_REQUIREMENT_. Copy out every line of the data exactly; do not include the images.

Collected data
☆ ☆ ☆

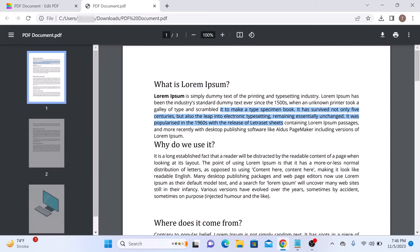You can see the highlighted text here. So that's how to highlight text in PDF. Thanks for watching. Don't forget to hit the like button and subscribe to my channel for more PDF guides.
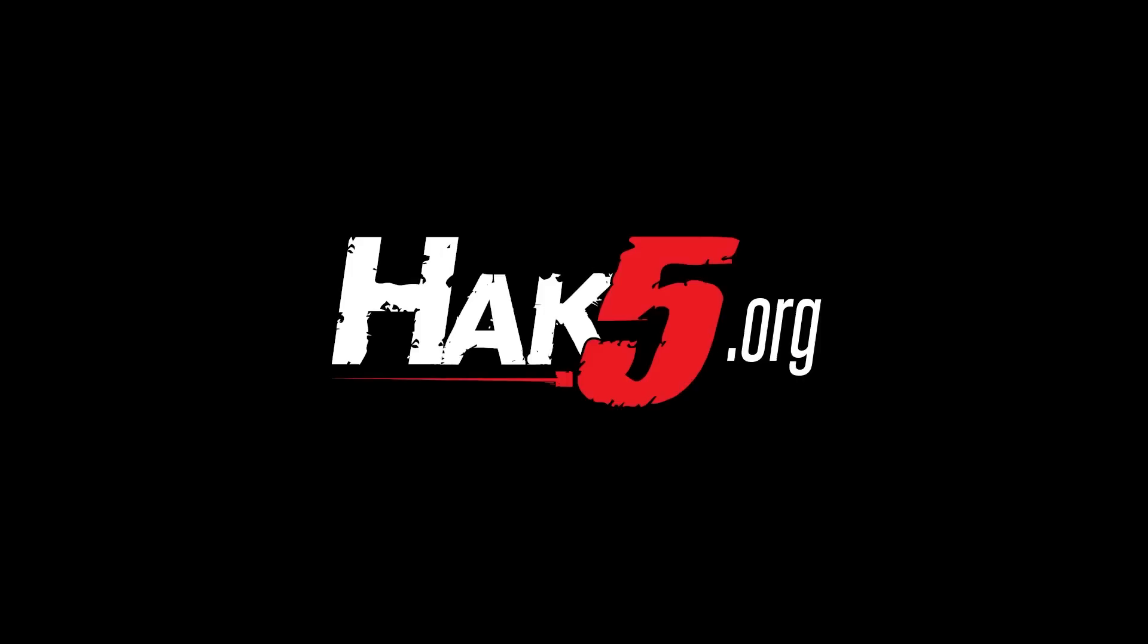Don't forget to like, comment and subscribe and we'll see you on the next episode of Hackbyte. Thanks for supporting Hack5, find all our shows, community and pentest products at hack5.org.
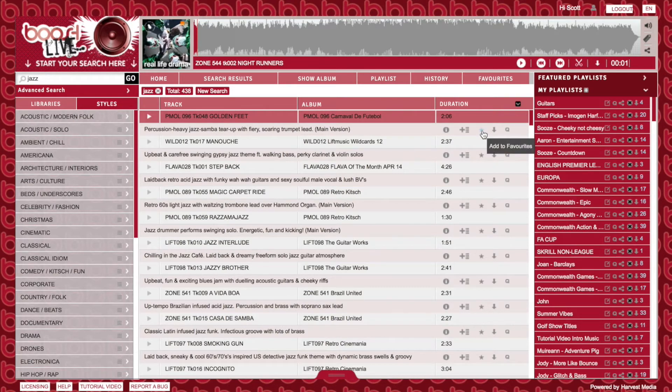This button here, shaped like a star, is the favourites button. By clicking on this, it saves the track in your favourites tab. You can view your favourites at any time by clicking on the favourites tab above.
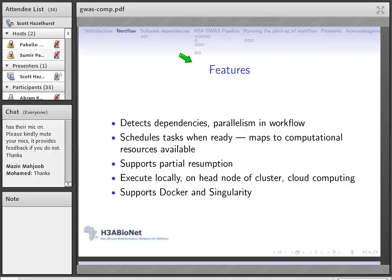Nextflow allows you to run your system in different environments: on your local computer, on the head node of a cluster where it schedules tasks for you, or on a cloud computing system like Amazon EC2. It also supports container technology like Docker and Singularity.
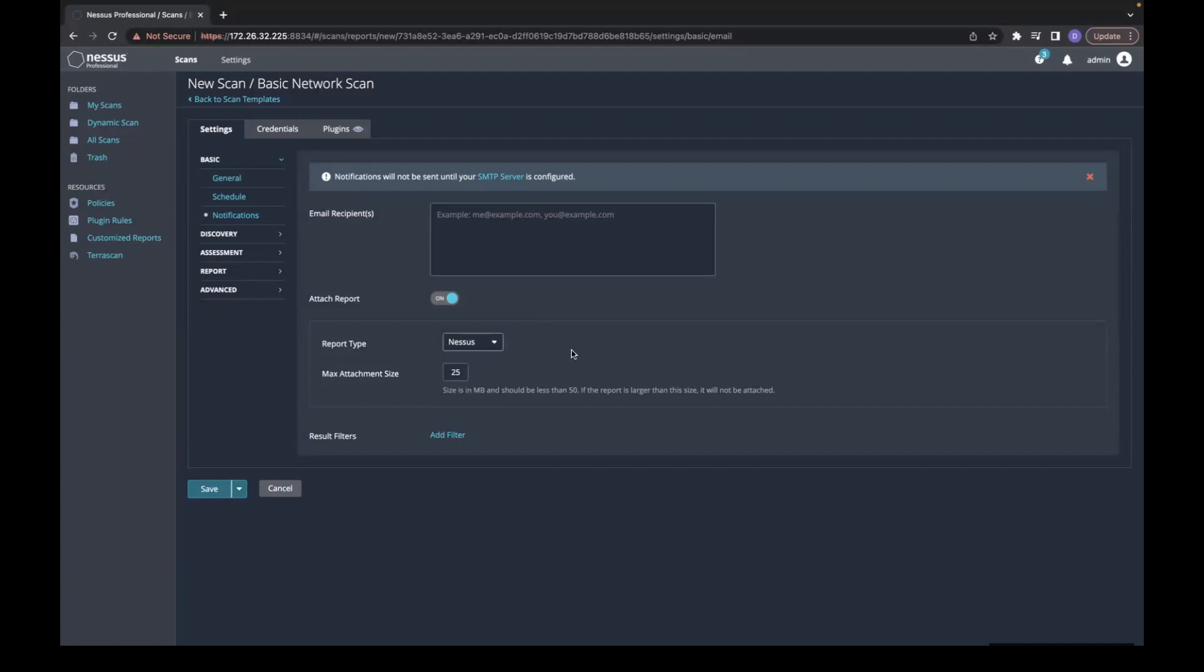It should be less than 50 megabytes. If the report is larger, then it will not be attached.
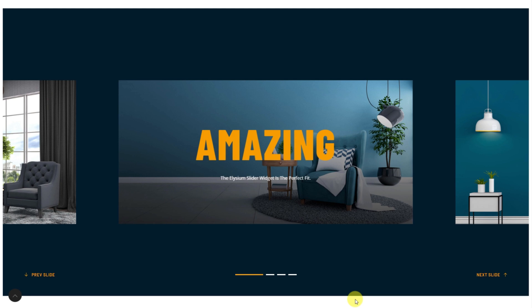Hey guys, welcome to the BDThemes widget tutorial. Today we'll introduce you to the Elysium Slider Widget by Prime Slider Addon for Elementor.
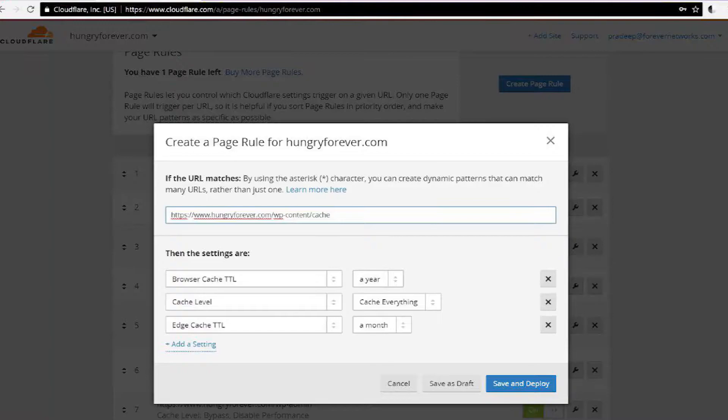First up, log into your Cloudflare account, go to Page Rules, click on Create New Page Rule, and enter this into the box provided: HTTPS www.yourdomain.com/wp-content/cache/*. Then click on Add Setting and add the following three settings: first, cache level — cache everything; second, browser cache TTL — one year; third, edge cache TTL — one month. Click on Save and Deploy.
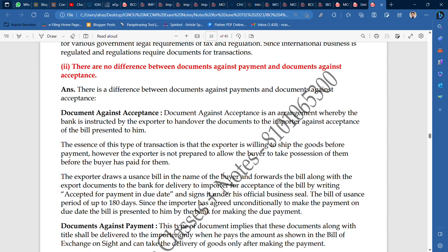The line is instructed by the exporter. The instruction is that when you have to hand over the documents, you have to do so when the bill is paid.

☆ ☆ ☆

_OUTPUT BELOW_.
You can see the highlighted text here. So that's how to highlight text in PDF. Thanks for watching. Don't forget to hit the like button and subscribe to my channel for more PDF guides.
Don't forget to like, comment and subscribe and we'll see you on the next episode of Hackbyte. Thanks for supporting Hack5, find all our shows, community and pentest products at hack5.org.
This button here, shaped like a star, is the favourites button. By clicking on this, it saves the track in your favourites tab. You can view your favourites at any time by clicking on the favourites tab above.
Nextflow allows you to run your system in different environments: on your local computer, on the head node of a cluster where it schedules tasks for you, or on a cloud computing system like Amazon EC2. It also supports container technology like Docker and Singularity.
It should be less than 50 megabytes. If the report is larger, then it will not be attached.
Hey guys, welcome to the BDThemes widget tutorial. Today we'll introduce you to the Elysium Slider Widget by Prime Slider Addon for Elementor.
First up, log into your Cloudflare account, go to Page Rules, click on Create New Page Rule, and enter this into the box provided: HTTPS www.yourdomain.com/wp-content/cache/*. Then click on Add Setting and add the following three settings: first, cache level — cache everything; second, browser cache TTL — one year; third, edge cache TTL — one month. Click on Save and Deploy.
The line is instructed by the exporter. The instruction is that when you have to hand over the documents, you have to do so when the bill is paid.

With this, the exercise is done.